We focused upon children admitted to ICUs since they are at high risk for S. aureus colonization and subsequent infection. In addition, factors such as intubation may increase the risk of pharyngeal colonization in particular. Further studies are warranted to assess pharyngeal colonization in other pediatric populations. We evaluated carriage on admission only and did not type strains, so we could not assess risk of transmission of pharyngeal strains. Our hospital has a low MRSA prevalence. If further studies demonstrate a high prevalence of exclusively pharyngeal carriage of MRSA in pediatric patients, this finding will have implications for efforts to control transmission and infection. We used an enrichment broth rather than selective media to enhance sensitivity and thus may have missed mixed MRSA and MSSA populations if one strain outgrew another in the broth.
Our findings indicate the need to assess pharyngeal colonization as part of screening and decolonization strategies in children to avoid missing one-third of S. aureus carriers. Further investigation is required in settings where MRSA is endemic to understand the importance of pharyngeal carriage.
We thank Judy Carter, Debra Morrow, and Maggie Geller for their invaluable role in training and overseeing nursing staff in collection of study specimens.

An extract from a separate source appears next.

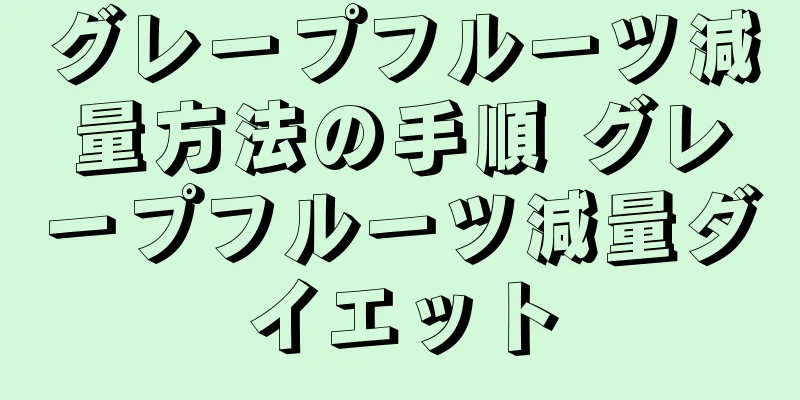 グレープフルーツ減量方法の手順 グレープフルーツ減量ダイエット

We are also deeply grateful to the Children's Hospital Boston Infectious Diseases Diagnostic Laboratory for its generous contribution of time and effort in culturing the study specimens.
This work was supported by a Children's Hospital Boston Program for Patient Safety and Quality Grant. M.M.N. was supported by grant T32 HS000063-13 from the Agency for Healthcare Research and Quality and a Center for Child Health Care Studies Fellowship Award from the Department of Population Medicine, Harvard Medical School and Harvard Pilgrim Health Care. G.M.L. was supported by grant K-08 HS013908-01 A1 from the Agency for Healthcare Research and Quality. None of the sponsors had any role in design or conduct of the study; collection, analysis, or interpretation of the data; or preparation or review of the manuscript.
The authors have no associations that might pose a conflict of interest. Gail Potter-Bynoe agreed to inclusion in this paper of her personal communication on January 22, 2009, regarding the prevalence of MRSA colonization at Children's Hospital Boston.
Published ahead of print on 23 June 2010.